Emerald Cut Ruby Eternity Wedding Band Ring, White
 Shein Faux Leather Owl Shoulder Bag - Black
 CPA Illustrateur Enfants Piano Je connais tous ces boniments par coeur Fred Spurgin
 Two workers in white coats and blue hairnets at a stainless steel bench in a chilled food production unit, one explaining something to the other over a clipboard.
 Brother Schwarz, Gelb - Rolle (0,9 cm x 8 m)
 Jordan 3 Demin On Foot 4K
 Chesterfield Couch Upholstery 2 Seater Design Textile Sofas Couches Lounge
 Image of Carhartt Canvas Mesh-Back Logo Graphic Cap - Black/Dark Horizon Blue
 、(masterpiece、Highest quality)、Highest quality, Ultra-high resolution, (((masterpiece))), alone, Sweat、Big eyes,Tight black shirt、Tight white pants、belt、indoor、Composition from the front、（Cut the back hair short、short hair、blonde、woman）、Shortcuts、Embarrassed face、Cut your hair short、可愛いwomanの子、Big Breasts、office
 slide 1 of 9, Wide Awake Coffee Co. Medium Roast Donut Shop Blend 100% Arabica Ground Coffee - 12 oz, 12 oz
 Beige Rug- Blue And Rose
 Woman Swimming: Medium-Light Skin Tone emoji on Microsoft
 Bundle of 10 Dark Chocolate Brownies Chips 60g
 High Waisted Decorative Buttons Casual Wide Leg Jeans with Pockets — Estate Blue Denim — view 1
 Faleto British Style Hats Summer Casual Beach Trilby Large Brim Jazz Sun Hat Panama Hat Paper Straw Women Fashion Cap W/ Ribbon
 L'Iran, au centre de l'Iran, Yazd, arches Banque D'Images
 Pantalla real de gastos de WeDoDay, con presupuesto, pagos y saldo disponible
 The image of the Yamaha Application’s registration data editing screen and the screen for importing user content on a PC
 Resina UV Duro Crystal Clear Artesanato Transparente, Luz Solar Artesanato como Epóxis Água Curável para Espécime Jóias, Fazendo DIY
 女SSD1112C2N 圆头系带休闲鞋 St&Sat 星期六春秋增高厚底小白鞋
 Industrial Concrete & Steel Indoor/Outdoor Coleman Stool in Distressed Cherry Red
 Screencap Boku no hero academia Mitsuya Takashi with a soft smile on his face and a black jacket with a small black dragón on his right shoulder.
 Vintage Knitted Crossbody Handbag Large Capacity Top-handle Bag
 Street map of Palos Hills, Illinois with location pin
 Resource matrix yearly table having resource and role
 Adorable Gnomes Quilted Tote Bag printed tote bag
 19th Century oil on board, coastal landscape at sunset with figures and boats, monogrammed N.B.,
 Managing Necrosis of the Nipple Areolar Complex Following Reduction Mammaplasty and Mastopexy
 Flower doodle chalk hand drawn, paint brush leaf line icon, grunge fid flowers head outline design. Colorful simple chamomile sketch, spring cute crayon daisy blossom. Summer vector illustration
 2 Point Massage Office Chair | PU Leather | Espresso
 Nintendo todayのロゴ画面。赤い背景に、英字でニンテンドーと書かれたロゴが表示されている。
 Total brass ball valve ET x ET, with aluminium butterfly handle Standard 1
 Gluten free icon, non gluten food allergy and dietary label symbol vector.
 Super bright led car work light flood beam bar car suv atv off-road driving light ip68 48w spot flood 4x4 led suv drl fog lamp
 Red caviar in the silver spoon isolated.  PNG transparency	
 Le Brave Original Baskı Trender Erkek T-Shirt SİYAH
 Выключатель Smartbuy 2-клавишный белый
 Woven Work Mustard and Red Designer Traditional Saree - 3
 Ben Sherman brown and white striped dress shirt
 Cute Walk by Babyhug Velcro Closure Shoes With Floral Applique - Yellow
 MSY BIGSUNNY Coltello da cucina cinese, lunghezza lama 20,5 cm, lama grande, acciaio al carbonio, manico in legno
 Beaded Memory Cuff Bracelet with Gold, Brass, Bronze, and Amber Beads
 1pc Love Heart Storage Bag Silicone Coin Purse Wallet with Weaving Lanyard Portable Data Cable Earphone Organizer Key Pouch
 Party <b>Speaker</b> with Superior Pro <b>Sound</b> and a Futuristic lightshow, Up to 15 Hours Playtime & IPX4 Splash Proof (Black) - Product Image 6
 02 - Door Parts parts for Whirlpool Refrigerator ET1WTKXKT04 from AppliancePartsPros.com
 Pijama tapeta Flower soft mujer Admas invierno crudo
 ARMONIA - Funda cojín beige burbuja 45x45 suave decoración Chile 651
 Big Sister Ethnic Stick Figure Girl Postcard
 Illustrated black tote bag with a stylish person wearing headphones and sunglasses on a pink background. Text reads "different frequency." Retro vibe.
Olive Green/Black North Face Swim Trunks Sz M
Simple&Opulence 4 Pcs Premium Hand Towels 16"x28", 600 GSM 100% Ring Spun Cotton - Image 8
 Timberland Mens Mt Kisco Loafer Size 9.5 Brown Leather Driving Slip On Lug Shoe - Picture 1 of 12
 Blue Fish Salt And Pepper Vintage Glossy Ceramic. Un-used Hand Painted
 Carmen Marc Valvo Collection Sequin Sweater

════════════════════

What to produce.
Give every entry again, exactly as it reads.

Reply.
Emerald Cut Ruby Eternity Wedding Band Ring, White
 Shein Faux Leather Owl Shoulder Bag - Black
 CPA Illustrateur Enfants Piano Je connais tous ces boniments par coeur Fred Spurgin
 Two workers in white coats and blue hairnets at a stainless steel bench in a chilled food production unit, one explaining something to the other over a clipboard.
 Brother Schwarz, Gelb - Rolle (0,9 cm x 8 m)
 Jordan 3 Demin On Foot 4K
 Chesterfield Couch Upholstery 2 Seater Design Textile Sofas Couches Lounge
 Image of Carhartt Canvas Mesh-Back Logo Graphic Cap - Black/Dark Horizon Blue
 、(masterpiece、Highest quality)、Highest quality, Ultra-high resolution, (((masterpiece))), alone, Sweat、Big eyes,Tight black shirt、Tight white pants、belt、indoor、Composition from the front、（Cut the back hair short、short hair、blonde、woman）、Shortcuts、Embarrassed face、Cut your hair short、可愛いwomanの子、Big Breasts、office
 slide 1 of 9, Wide Awake Coffee Co. Medium Roast Donut Shop Blend 100% Arabica Ground Coffee - 12 oz, 12 oz
 Beige Rug- Blue And Rose
 Woman Swimming: Medium-Light Skin Tone emoji on Microsoft
 Bundle of 10 Dark Chocolate Brownies Chips 60g
 High Waisted Decorative Buttons Casual Wide Leg Jeans with Pockets — Estate Blue Denim — view 1
 Faleto British Style Hats Summer Casual Beach Trilby Large Brim Jazz Sun Hat Panama Hat Paper Straw Women Fashion Cap W/ Ribbon
 L'Iran, au centre de l'Iran, Yazd, arches Banque D'Images
 Pantalla real de gastos de WeDoDay, con presupuesto, pagos y saldo disponible
 The image of the Yamaha Application’s registration data editing screen and the screen for importing user content on a PC
 Resina UV Duro Crystal Clear Artesanato Transparente, Luz Solar Artesanato como Epóxis Água Curável para Espécime Jóias, Fazendo DIY
 女SSD1112C2N 圆头系带休闲鞋 St&Sat 星期六春秋增高厚底小白鞋
 Industrial Concrete & Steel Indoor/Outdoor Coleman Stool in Distressed Cherry Red
 Screencap Boku no hero academia Mitsuya Takashi with a soft smile on his face and a black jacket with a small black dragón on his right shoulder.
 Vintage Knitted Crossbody Handbag Large Capacity Top-handle Bag
 Street map of Palos Hills, Illinois with location pin
 Resource matrix yearly table having resource and role
 Adorable Gnomes Quilted Tote Bag printed tote bag
 19th Century oil on board, coastal landscape at sunset with figures and boats, monogrammed N.B.,
 Managing Necrosis of the Nipple Areolar Complex Following Reduction Mammaplasty and Mastopexy
 Flower doodle chalk hand drawn, paint brush leaf line icon, grunge fid flowers head outline design. Colorful simple chamomile sketch, spring cute crayon daisy blossom. Summer vector illustration
 2 Point Massage Office Chair | PU Leather | Espresso
 Nintendo todayのロゴ画面。赤い背景に、英字でニンテンドーと書かれたロゴが表示されている。
 Total brass ball valve ET x ET, with aluminium butterfly handle Standard 1
 Gluten free icon, non gluten food allergy and dietary label symbol vector.
 Super bright led car work light flood beam bar car suv atv off-road driving light ip68 48w spot flood 4x4 led suv drl fog lamp
 Red caviar in the silver spoon isolated.  PNG transparency	
 Le Brave Original Baskı Trender Erkek T-Shirt SİYAH
 Выключатель Smartbuy 2-клавишный белый
 Woven Work Mustard and Red Designer Traditional Saree - 3
 Ben Sherman brown and white striped dress shirt
 Cute Walk by Babyhug Velcro Closure Shoes With Floral Applique - Yellow
 MSY BIGSUNNY Coltello da cucina cinese, lunghezza lama 20,5 cm, lama grande, acciaio al carbonio, manico in legno
 Beaded Memory Cuff Bracelet with Gold, Brass, Bronze, and Amber Beads
 1pc Love Heart Storage Bag Silicone Coin Purse Wallet with Weaving Lanyard Portable Data Cable Earphone Organizer Key Pouch
 Party <b>Speaker</b> with Superior Pro <b>Sound</b> and a Futuristic lightshow, Up to 15 Hours Playtime & IPX4 Splash Proof (Black) - Product Image 6
 02 - Door Parts parts for Whirlpool Refrigerator ET1WTKXKT04 from AppliancePartsPros.com
 Pijama tapeta Flower soft mujer Admas invierno crudo
 ARMONIA - Funda cojín beige burbuja 45x45 suave decoración Chile 651
 Big Sister Ethnic Stick Figure Girl Postcard
 Illustrated black tote bag with a stylish person wearing headphones and sunglasses on a pink background. Text reads "different frequency." Retro vibe.
Olive Green/Black North Face Swim Trunks Sz M
Simple&Opulence 4 Pcs Premium Hand Towels 16"x28", 600 GSM 100% Ring Spun Cotton - Image 8
 Timberland Mens Mt Kisco Loafer Size 9.5 Brown Leather Driving Slip On Lug Shoe - Picture 1 of 12
 Blue Fish Salt And Pepper Vintage Glossy Ceramic. Un-used Hand Painted
 Carmen Marc Valvo Collection Sequin Sweater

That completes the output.